Modern industrial companies compete in winner-take-most, increasing returns type markets. But it is not as easy to see as in the computer startup world, because of the much longer lead times and product cycles.

As an example, in the aerospace industry, product life cycles are measured in decades. And more than 50 years separated the Wright Brothers’ first flight from the Boeing 707’s.

Of course, in our high-tech markets, winners do not get to keep their title forever. Technology–whether web-based or industrial–comes in waves. And watching for the next wave is key.

The main strategic differentiator, and the ever-present question in these markets, is whether the current players will catch the next wave.

Who, if anyone, of the current car manufacturers, aircraft makers, or computer companies will catch the next wave? And what will that wave be: Driverless or electric cars? Unmanned, high speed or space transportation systems? Wearable, implant or ubiquitous computers? Or something completely different?

The Trap we Routinely Fall Into #

It sounds like common sense for industrial companies to spend energy in optimizing costs and continuous product improvement; to reduce production and supply chain costs by 5% each year while iterating on existing products and improving their performance by 10% each year.

But a very optimized business can still become irrelevant in an instant. Many lean and well-run businesses disappeared in the blink of an eye: from horse-drawn cart makers, to steam trains and steam ships producers, to telegraph manufacturers and AM/FM Radio companies, all the way to cassette, film, camera, computer and cellphone makers. Once seemingly invincible brands can suffer if they don’t catch the next wave—think Kodak, Polaroid, Compaq, Nokia, BlackBerry…

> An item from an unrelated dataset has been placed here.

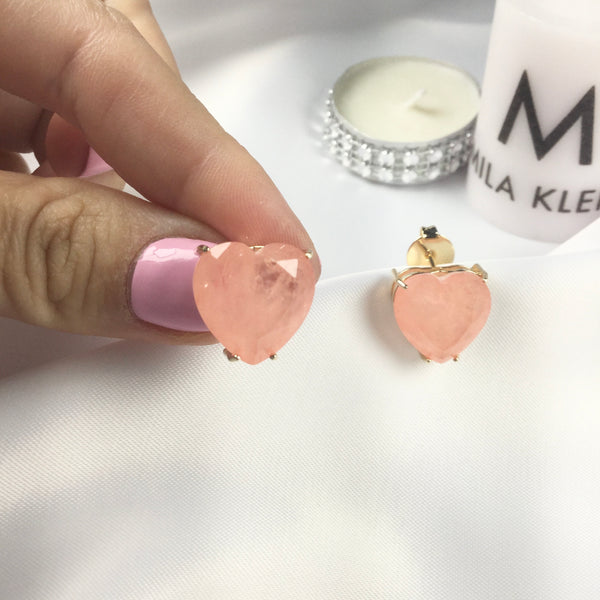 Large Heart Earrings Peach Quartz Fusion Stone 18k Gold Plated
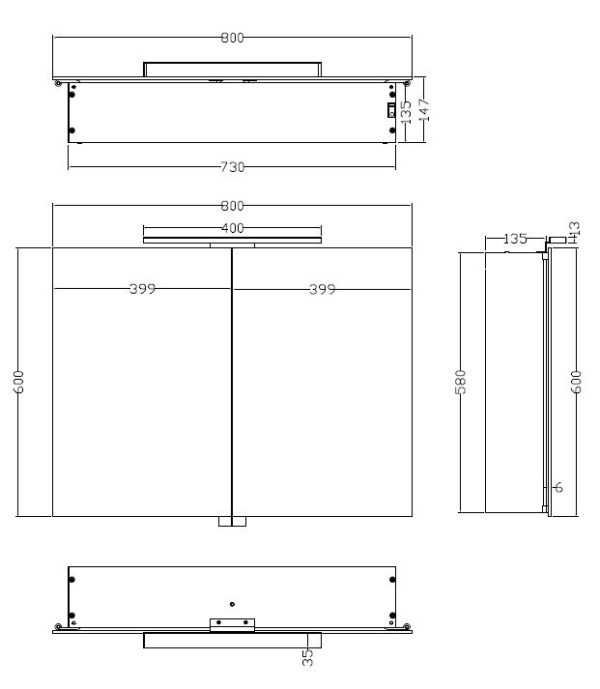 Wiesbaden Luxe spiegelkast +Led verlichting 80x60x14cm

If they are to survive and prosper, high-tech industries must always be on the look-out for the next technological wave.

The new product must be 2x, 3x or even 10x better (in noise, price, speed, range…) rather than 10% or 20% better.

In this environment, if a company holds a losing hand–not the right technology, product, or service–then the alternatives are: slow death or graceful exit.

The Way Forward for Production Industries #

From the moment a business recognizes that it operates in an increasing returns ecosystem, its strategy must be to innovate, to innovate, and to innovate.

It must strive to catch the next wave.

But since production industries have operations to manage efficiently, and in order to avoid imposing unnecessary constraints on the increasing returns parts of their business, they must separate their activities.

That is because different rules of the game apply in the two worlds. And different cultures and mindsets must be adopted in each of them.

It is a mistake to think that what works in one world is appropriate for the other.

So in which world is your company operating? Which mindset is prevalent, and which one should be?